▶ ACTIVITY
All of the entries below should be printed exactly; the pictures are to be left out.

*** PROVIDED INFORMATION ***

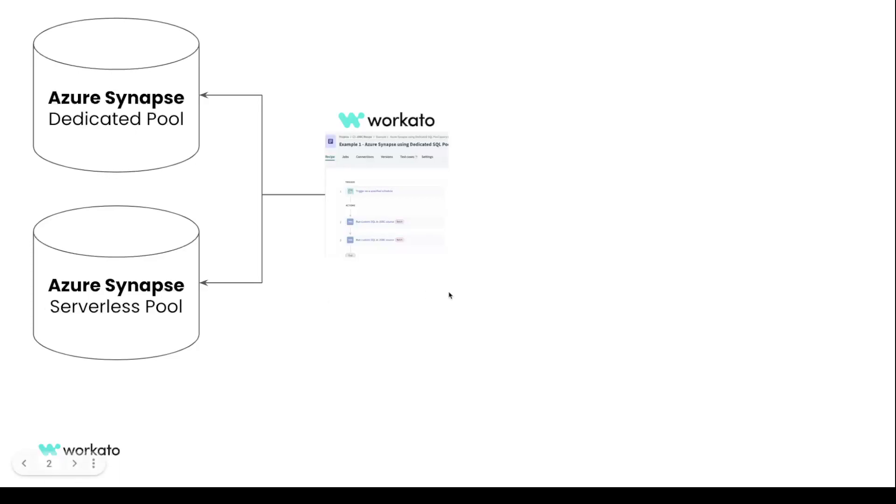Hi there, this is a tutorial on how to connect to Synapse Analytics Dedicated Pool and Synapse Analytics Serverless Pool to Workato. Basically, I have a little nice recipes that can both create or run SQL queries and also get data.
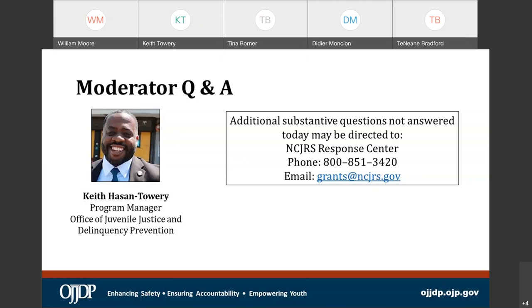The next question: will providing a plan for eliminating the use of restraints be required along with the plan for implementing the interest of justice requirement? A second related question: will eliminating the use of restraints be a monitoring requirement for compliance? Tina: That is a question we are not going to be able to answer right at this moment — it will be documented and we can get back to you.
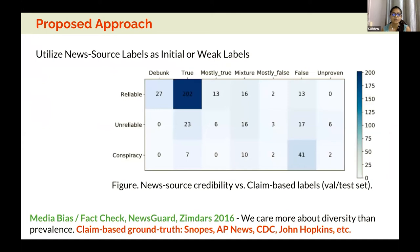In our work, we wanted to propose a different approach to alleviate the problem of lacking datasets in new domains, by using news source labels as initial or weak labels. Based on that assumption, we first wanted to verify whether these news credibility labels are well correlated with claim-based labels.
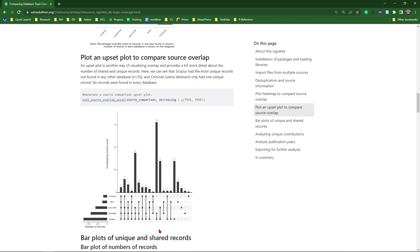You can see here that Scopus had the highest number of unique citations, followed by Lens and PsycInfo. You can also see that there are only six articles that were found in every single database.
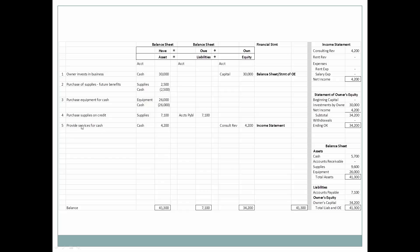We open our business and provide services — clients pay us in cash. We earn $4,200, so cash increases by $4,200. Consulting revenue is a sub-equity account, so consulting revenue of $4,200 goes on the income statement. Our cash has gone up and owner's capital has gone up as well. Typically the income statement wouldn't be prepared until end of period, but I'm showing you transaction by transaction how each one affects the financial statements.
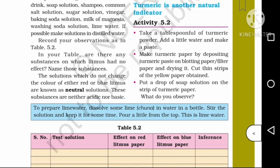Now, we have the first natural indicator. In the basic solution and neutral solution, there is no color change in the red litmus paper. If you have many solutions and want to know what is acidic or basic, there are some substances that are called acidic and some that are called basic.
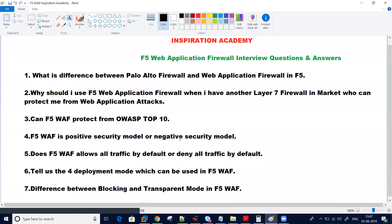Hi everyone. I hope you are good and enjoying your life. Welcome again to Inspiration Academy. Many people have come to me and asked if I could share some interview questions related to the web application firewall module for F5. Because in interviews, besides LTM, they also ask questions about global traffic managers and web application firewall, which is the leading product for F5. It can do many things which firewalls cannot do. We'll discuss some questions and answers, and after that we will do some practicals for web application firewall so that our students can get more benefit out of it.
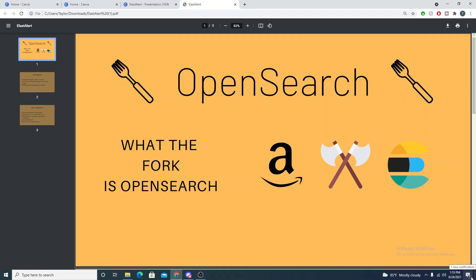Hey defenders, in this video I want to talk about OpenSearch — a little bit of how it came to be, what exactly it is, and what the legal battles were that caused the creation of the OpenSearch project. Stick around and we'll jump into it.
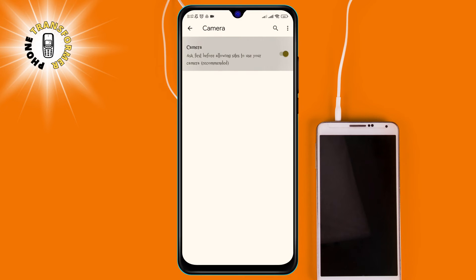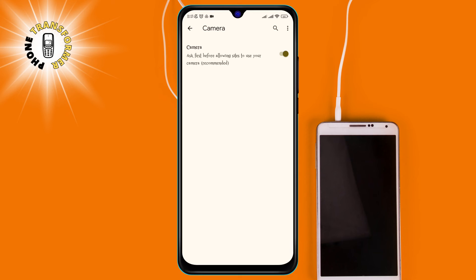Step 6, tap to turn the camera on or off. You can choose to allow all sites to access your camera or only specific sites that you trust. You can also block any site that you don't want to use your camera.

*** End of PROVIDED INFORMATION ***

▶ SOLUTION
Hi there, this is a tutorial on how to connect to Synapse Analytics Dedicated Pool and Synapse Analytics Serverless Pool to Workato. Basically, I have a little nice recipes that can both create or run SQL queries and also get data.
The next question: will providing a plan for eliminating the use of restraints be required along with the plan for implementing the interest of justice requirement? A second related question: will eliminating the use of restraints be a monitoring requirement for compliance? Tina: That is a question we are not going to be able to answer right at this moment — it will be documented and we can get back to you.
In our work, we wanted to propose a different approach to alleviate the problem of lacking datasets in new domains, by using news source labels as initial or weak labels. Based on that assumption, we first wanted to verify whether these news credibility labels are well correlated with claim-based labels.
You can see here that Scopus had the highest number of unique citations, followed by Lens and PsycInfo. You can also see that there are only six articles that were found in every single database.
We open our business and provide services — clients pay us in cash. We earn $4,200, so cash increases by $4,200. Consulting revenue is a sub-equity account, so consulting revenue of $4,200 goes on the income statement. Our cash has gone up and owner's capital has gone up as well. Typically the income statement wouldn't be prepared until end of period, but I'm showing you transaction by transaction how each one affects the financial statements.
Now, we have the first natural indicator. In the basic solution and neutral solution, there is no color change in the red litmus paper. If you have many solutions and want to know what is acidic or basic, there are some substances that are called acidic and some that are called basic.
Hi everyone. I hope you are good and enjoying your life. Welcome again to Inspiration Academy. Many people have come to me and asked if I could share some interview questions related to the web application firewall module for F5. Because in interviews, besides LTM, they also ask questions about global traffic managers and web application firewall, which is the leading product for F5. It can do many things which firewalls cannot do. We'll discuss some questions and answers, and after that we will do some practicals for web application firewall so that our students can get more benefit out of it.
Hey defenders, in this video I want to talk about OpenSearch — a little bit of how it came to be, what exactly it is, and what the legal battles were that caused the creation of the OpenSearch project. Stick around and we'll jump into it.
Step 6, tap to turn the camera on or off. You can choose to allow all sites to access your camera or only specific sites that you trust. You can also block any site that you don't want to use your camera.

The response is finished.